> PROBLEM REQUIREMENTS: A faithful transcription of all the data, images excluded, is the required answer.

> INFORMATION SUPPLIED:
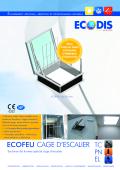 ECODIS-ECOFEU CAGE D’ESCALIER Exutoires de fumées spécial cage d’escalier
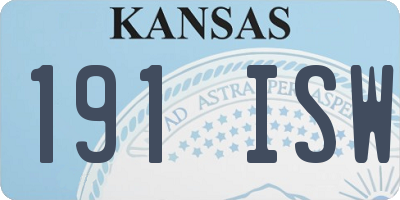 KS license plate 191ISW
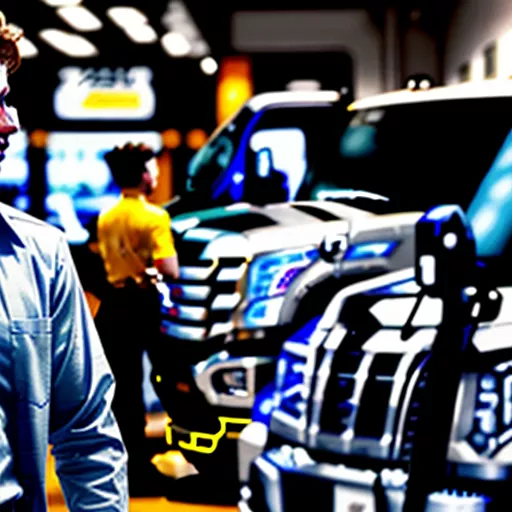 Sales Consultant Advising on JAC Truck Purchase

> WRITTEN RESPONSE:
 ECODIS-ECOFEU CAGE D’ESCALIER Exutoires de fumées spécial cage d’escalier
 KS license plate 191ISW
 Sales Consultant Advising on JAC Truck Purchase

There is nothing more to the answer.